We’d been in the water for only five minutes when the first bomb exploded.
I didn’t know how close it was, but the percussion from the blast felt like a massive punch to my entire body, like being slammed to the mat by a WWE wrestler.
I’d seen the effects of dynamite fishing but had never been underwater when a bomb went off — my boss, Larry Smith, obviously had. He quickly signaled our group of 10 guests to ascend immediately.
We were at 15 feet when the second blast went off. It rattled my brain like a paint shaker; for a moment I thought my heart was going to stop. That was all the motivation we needed. We raced to the surface, clambering onto the two Zodiacs before a third blast could reach us.
At the behest of our guests, Smith pressed our captain to chase down the Indonesian fishermen.
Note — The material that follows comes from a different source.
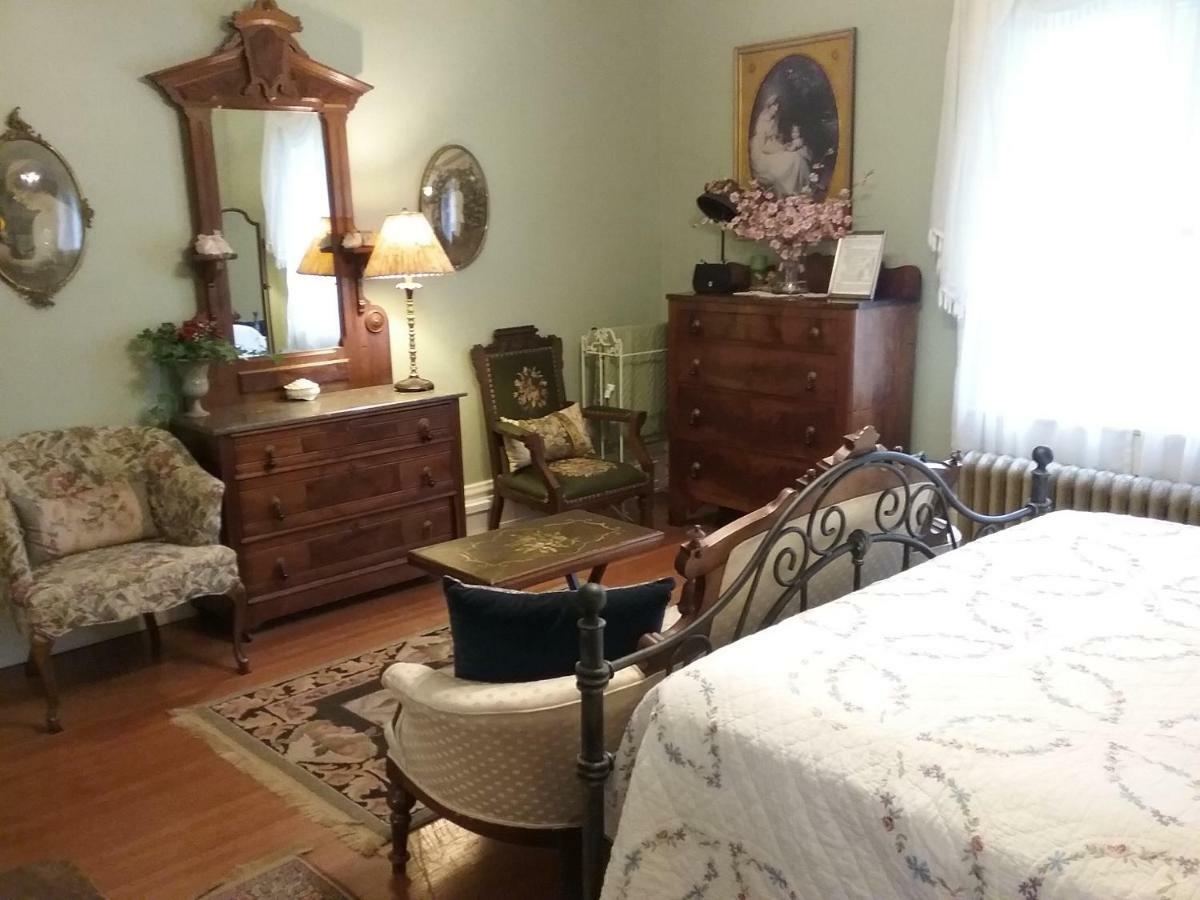 Hanover House Bed And Breakfast ナイアガラフォールズ エクステリア 写真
It wasn’t hard: Plumes of seawater from successive blasts gave away their location, and we bore down on them with a vengeance.
Unfortunately, we hadn’t thought out what we’d do once we reached them.
We pulled within 50 feet of the rickety wooden boat and began waving to get their attention. They just waved back. In rudimentary Indonesian, Smith boomed at them in his huge voice to stop the bombing. The fishermen put their boat in gear and started to motor away.
The chase lasted for about 15 minutes, at which time the fishermen must’ve grown tired of being run off their fishing grounds and decided to do something about it.
They pulled out a pair of guns. That was the end of the chase.
We dived again that day, on a reef a few hours away. Sadly it too had been dynamited. There were two or three angelfish swimming aimlessly around, but the reef was a scene of devastation, with overturned boulder corals and pieces of acropora piled atop each other like some massive game of pickup sticks. It was a sad reminder of what those fishermen did that morning, and what we knew they’d still be doing after we were long gone.